Ехали по узеньким тряским улицам очень недолго. Никакой Испании не чувствовалось.
У дяди оказался довольно большой дом с садом. Вошли в переднюю.
– Подождите здесь, сказал секретарь. Я пойду предупрежу вашу тетку.
Говорил он шепотом и как-то сразу утратил всю свою уверенность.
Мы стояли около наших чемоданов и, вероятно, действительно были похожи на двух растерянных индюшек
Ждали довольно долго. Наконец, откуда-то из глубины вышла высокая пожилая дама с желтыми, взбитыми надо лбом, волосами. Первое, что я поняла – дама немодная и очень сердитая.
– Которая из вас? – строго спросила она.
– Я, – кротко отвечала Мара.
– Значит, вы не получили моего письма?
– Мы получили телеграмму от дяди, что мы можем приехать, – лепетала Мара.
– Да, но я послала вдогонку письмо, что лучше не надо. Приглашать гостей из Франции, где сейчас такая ужасная эпидемия гриппа и так легко занести ее к нам, было очень легкомысленно со стороны моего мужа.
Она вдруг остановилась и уставилась прямо на Мару.
– Отчего красный нос? – в ужасе воскликнула она. – Нос! Нос красный!
– У меня просто насморк
– Насморк! – всплеснула руками тетка. – Вот оно то, чего я боялась. В постель, в постель, сейчас же в постель! Лиза! – закричала она, повернувшись к боковой двери. – Вы ждите здесь. Я сейчас распоряжусь, чтобы вас уложили.
Она быстро выбежала, сейчас же снова вернулась, схватила Мару за руку, вернее, за рукав, и потащила за собой. Я молча следовала за ней.
– Сейчас же раздеться и лечь, – скомандовала тетка. – Три дня на полной диете, полный покой, а там видно будет.
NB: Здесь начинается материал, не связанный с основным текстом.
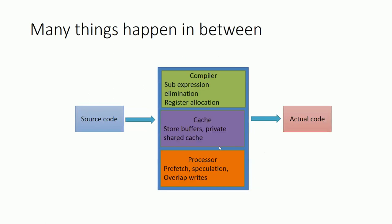As you can see from this diagram, there are many things that can happen between the source code and the actual code which is going to execute. Compilers may perform sub-expression elimination, and in the cache there are store buffers which reorder the writes or store the writes. The processor may prefetch instructions, speculation can happen, or overlapped writes can happen in the processor as well. Multiple levels of reordering can occur until instruction execution.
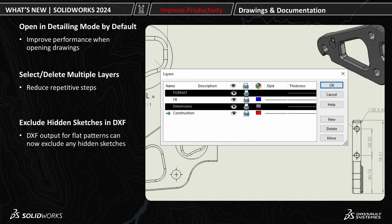For some bonus enhancements not shown in the demonstration, drawings can now open in detailing mode by default. You can now select and delete multiple layers. And you can now exclude hidden sketches in an export to DXF.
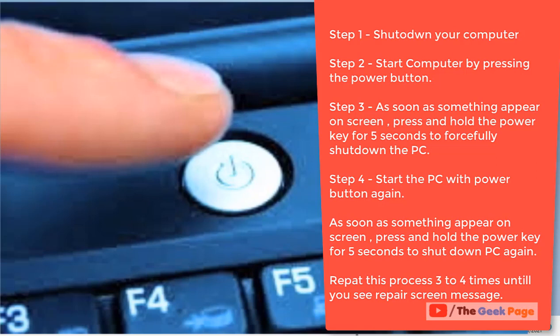Now we will repeat this method for three to four times, just starting the computer with the power button and as soon as something appears on the screen, press the power button continuously for five or six seconds so that it gets completely turned off.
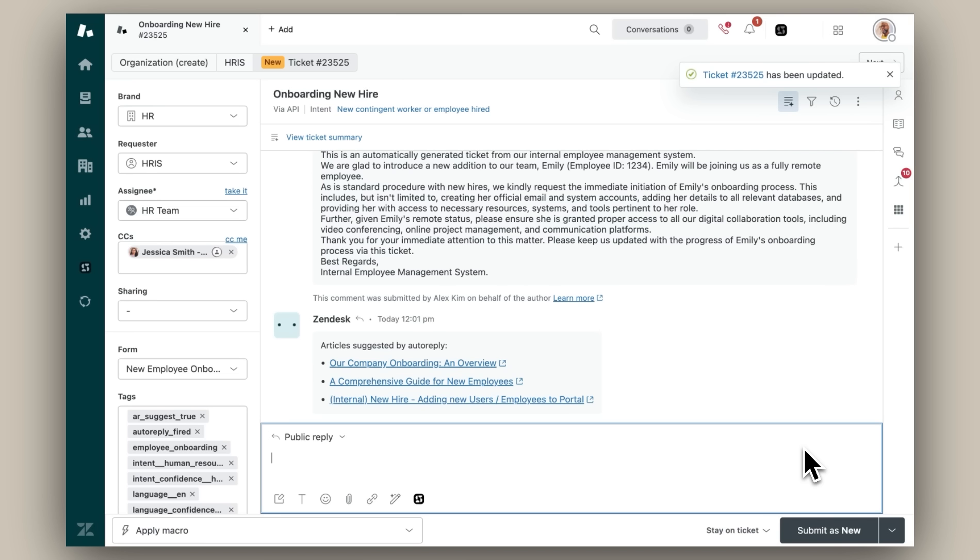That's how you support multiple departments in Zendesk while ensuring sensitive employee data is only visible to authorized teams. Thanks for watching.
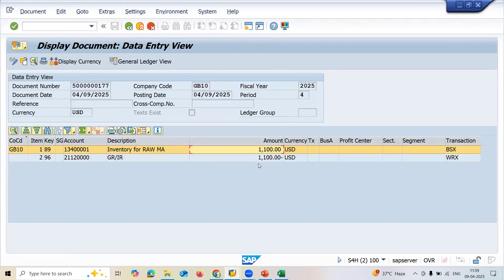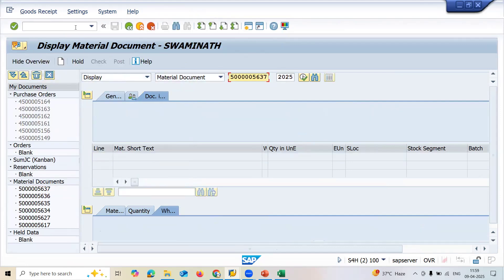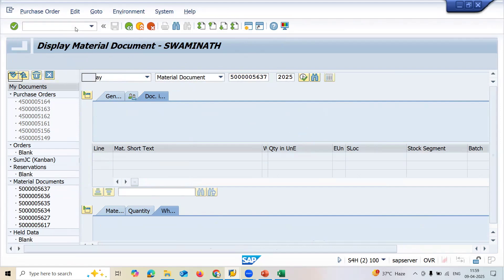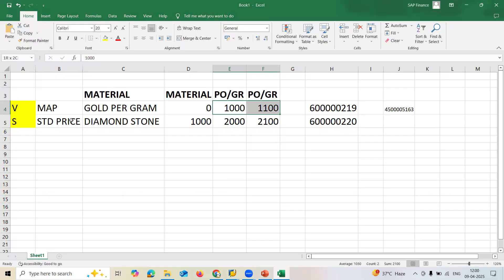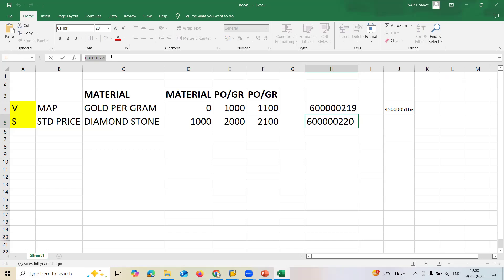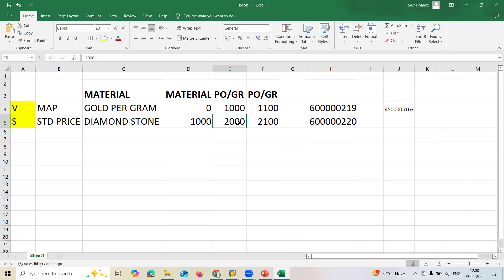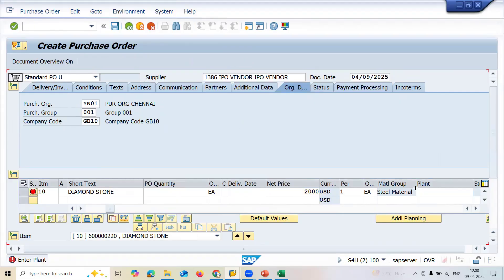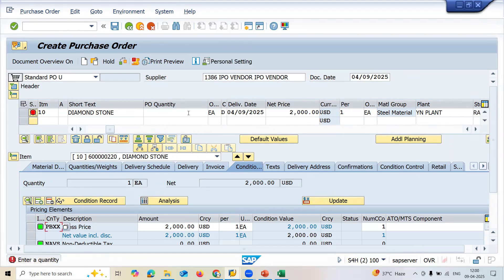Let me check the accounting document as well - every time it gets changed. Now let me create a purchase order for the Standard Price material. Go to ME21N, enter the supplier and purchase organization. The material this time is Diamond Stone (Standard Price). In the material master I had given standard price one thousand, but now I'm going to change the purchase order price to two thousand.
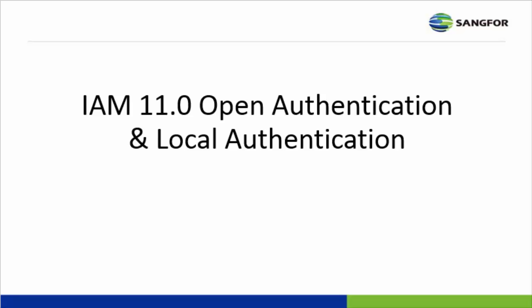Hi guys, this video is about Open Authentication and Local Authentication of IAM version 11.0.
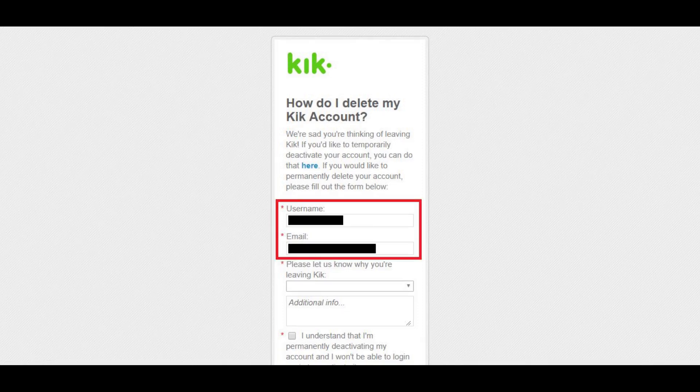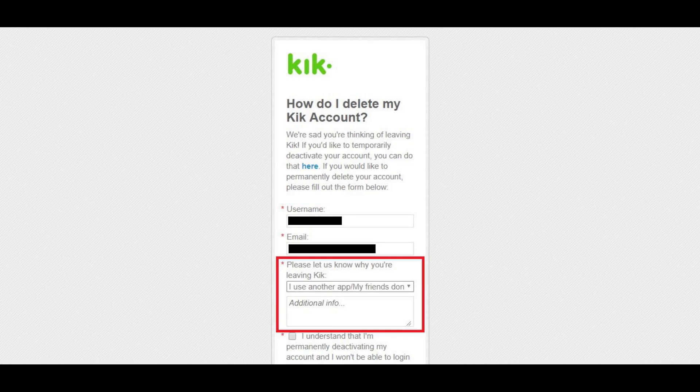Step 2: Enter your Kik username and email in the corresponding fields in the form displayed on the screen. Next, click the drop-down arrow in the section wanting to know why you're leaving Kik, and then choose the reason that best describes your reason for leaving. Enter any additional info you want to pass along in the additional info box.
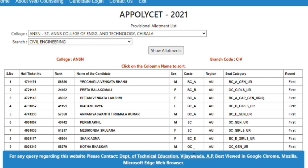For example, if you choose O.C. or O.C., you can choose 58,279.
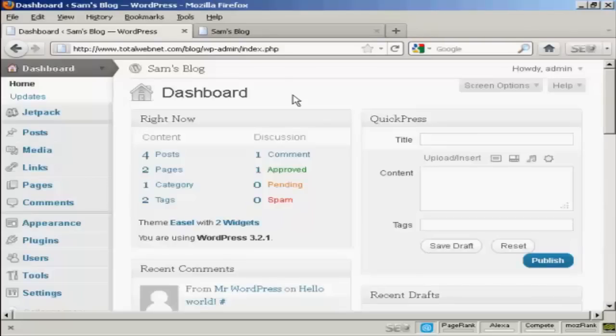In this video I'm going to show you how to add and manage users in WordPress. When you first set up your WordPress blog it will automatically set up the administrator setting so that you can access the back office part, the dashboard, and you can make any changes that you want to make to your WordPress blog.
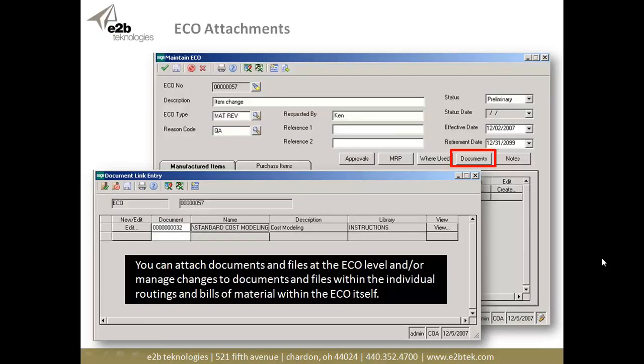With ECOs we handle this a little differently. We have documents at the ECO level for something that's all-encompassing across the ECO. But since our ECO module allows you to manage changes to multiple routings and bills of material, not only can you manage document changes at the ECO header level, but every single routing associated with the ECO can also have changes to its own documents and files.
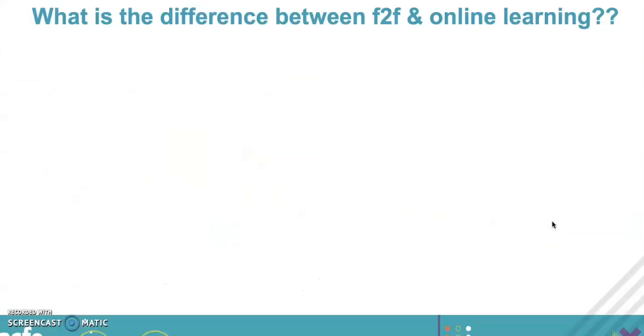Your next question is: what's the difference between face-to-face and online learning? Have a think about you're in the classroom with your students - what's the difference between being in the classroom and taking it electronically? Please pause and answer that question.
– А я? – робко спросила я.
– Вы можете пока еще не ложиться, но из комнаты вам выходить абсолютно запрещается. Вы, наверно, уже захватили болезнь и совершенно ни к чему разносить ее по всему городу. Будете сидеть вместе. Вечером вызову доктора.
Она вышла, нюхая какой-то флакончик, который вынула из кармана. В комнате осталась горничная. Горничная стояла, сложив руки на животе, и смотрела на нас по очереди вопросительно.